The Portland Gale was a storm that struck the coast of New England on November 26 and 27, 1898. The storm formed when two low pressure areas merged off the coast of Virginia and travelled up the coast; at its peak, it produced a storm surge of about ten feet in Cohasset harbor and hurricane-force winds in Nantucket. The storm killed more than 400 people and sank more than 150 boats and ships. It also changed the course of the North River, separating the Humarock portion of Scituate, Massachusetts, from the rest of Scituate.

== Loss of the SS Portland ==
On November 26, 1898, the steamship SS Portland left India Wharf in Boston, Massachusetts, for Portland, Maine, on a regularly scheduled run. She never made it to port. None of the 192 passengers and crew survived the massive storm that wreaked havoc on New England's coast - a storm that was later dubbed "the Portland Gale" after the tragic loss of the ship.

For years, controversy reigned as to the location of the ill-fated ship.
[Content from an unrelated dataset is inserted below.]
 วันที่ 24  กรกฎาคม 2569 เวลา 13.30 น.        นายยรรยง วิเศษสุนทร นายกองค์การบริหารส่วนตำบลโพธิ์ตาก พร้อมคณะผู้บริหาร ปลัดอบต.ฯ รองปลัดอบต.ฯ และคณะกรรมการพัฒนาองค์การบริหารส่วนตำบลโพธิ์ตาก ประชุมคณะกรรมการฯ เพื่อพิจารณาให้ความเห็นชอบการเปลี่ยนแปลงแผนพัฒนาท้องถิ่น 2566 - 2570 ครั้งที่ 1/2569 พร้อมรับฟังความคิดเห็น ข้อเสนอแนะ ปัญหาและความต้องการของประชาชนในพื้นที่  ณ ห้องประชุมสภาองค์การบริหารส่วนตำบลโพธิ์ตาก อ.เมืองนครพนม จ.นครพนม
In the summer of 2002, Stellwagen Bank National Marine Sanctuary, joined by the National Undersea Research Center at the University of Connecticut (UConn), solved the mystery surrounding the Portlands location. Using data from American Underwater Search and Survey, they brought back images from the sea floor that conclusively identified the remains of the steamship Portland.
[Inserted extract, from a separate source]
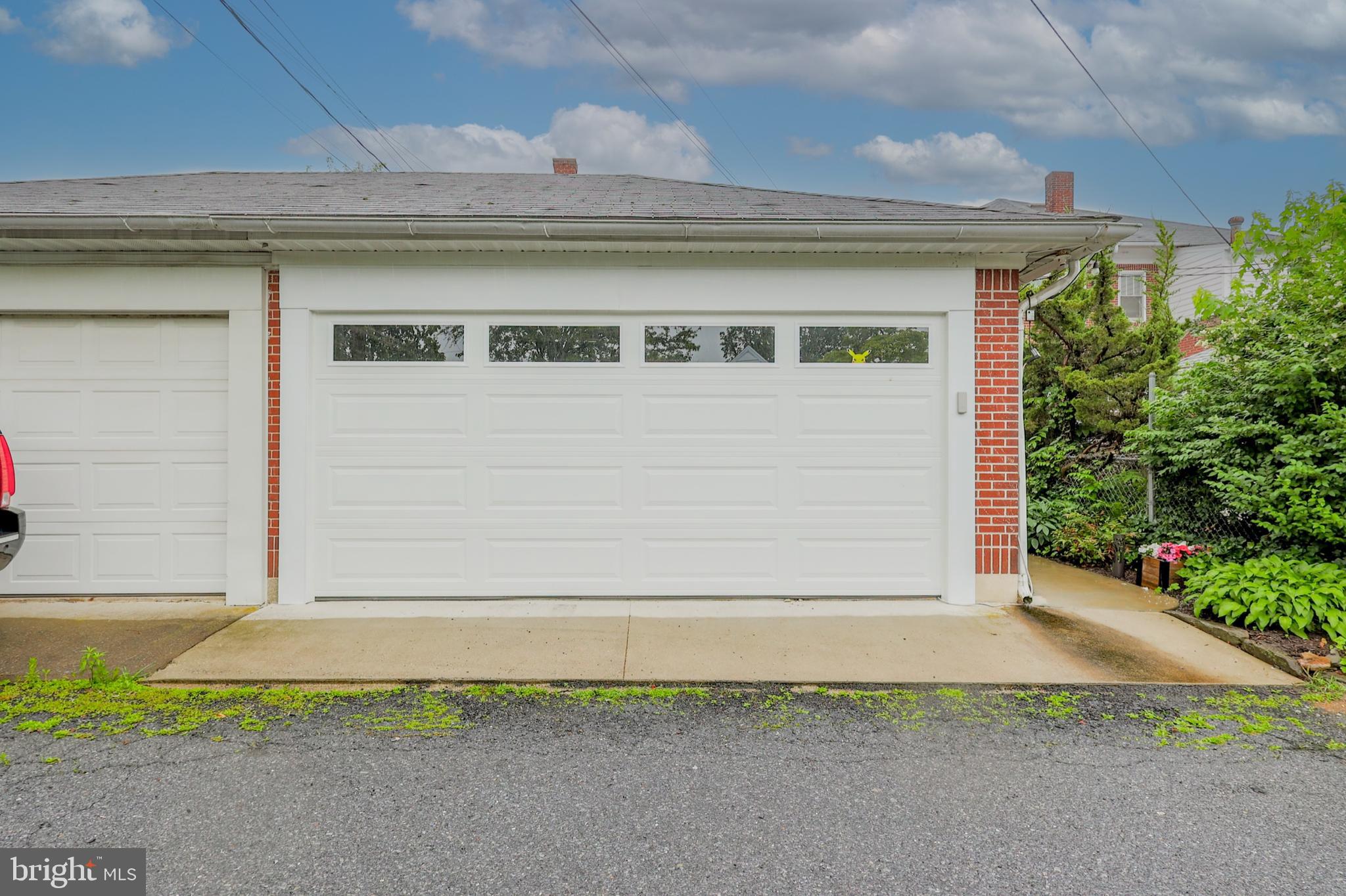 COLLEGE HEIGHTS - Residential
Researchers from NOAA's Stellwagen Bank National Marine Sanctuary, along with the NOAA-UConn team and filmmakers from The Science Channel, returned to the wreck of the famed 19th-century steamship from September 13–18, 2003. Kicking off the expedition to peer into the vessel's past and plan for its future, the team conducted the first surveys of the Portland since its location was confirmed in August 2002 within NOAA's Stellwagen Bank National Marine Sanctuary off the Massachusetts coast.

In addition to documenting the Portland, the expedition team investigated the wrecks of the Louise B. Crary and Frank A. Palmer, a pair of Boston-bound coal schooners that collided and sank in 1902 as a result of a navigational error. Like the Portland, the Crary and Palmer lie within the boundaries of Stellwagen Bank National Marine Sanctuary. Side-scan sonar images obtained in 2002 during a joint mission between NOAA and NURC-UConn revealed that the two large vessels plunged to the sea floor simultaneously, their bows locked together in a deadly embrace. Schooners Columbia and Delaware also sank in the gale.

== Damage to coastal towns ==

Dozens of houses were destroyed in each of the towns along the South Shore of Massachusetts. Coastal railroads were damaged in Scituate and in Hull, telegraph and electric lines were severed, and the ferris wheel and roller coaster in Hull were destroyed. The Duxbury pier was damaged, beaches were badly eroded, and dozens of ships and boats were wrecked on the beaches.

== Change to the course of the North River ==

The southern coast of Scituate, Massachusetts, is marked by four distinct flaws, running from First Cliff on the northern end of the town's coast down to Fourth Cliff in the southern end. The area surrounding and including Fourth Cliff is called Humarock. Prior to the Portland Gale, the North River flowed south between Fourth Cliff and Marshfield, Massachusetts, joining the South River and entering the ocean two kilometers to the south of the current opening. A thin strip of beach, which connected Third Cliff to Fourth Cliff, was breached by the storm, leaving Fourth Cliff an island. Eventually the old inlet has silted in, forcing the South River to flow north between Marshfield and Fourth Cliff, where it now joins the North River to enter the ocean between Third and Fourth Cliffs. Although Fourth Cliff is now connected by land to Marshfield, north of Rexhame Beach, there are no roads across the old inlet. As a result, Fourth Cliff and the rest of the Humarock part of Scituate are only accessible via the Marshfield Avenue and Julian Street bridges from Marshfield. The change to the course of the North River also increased the salinity of the large marsh area surrounding the current outlet, resulting in the loss of the valuable salt haying business.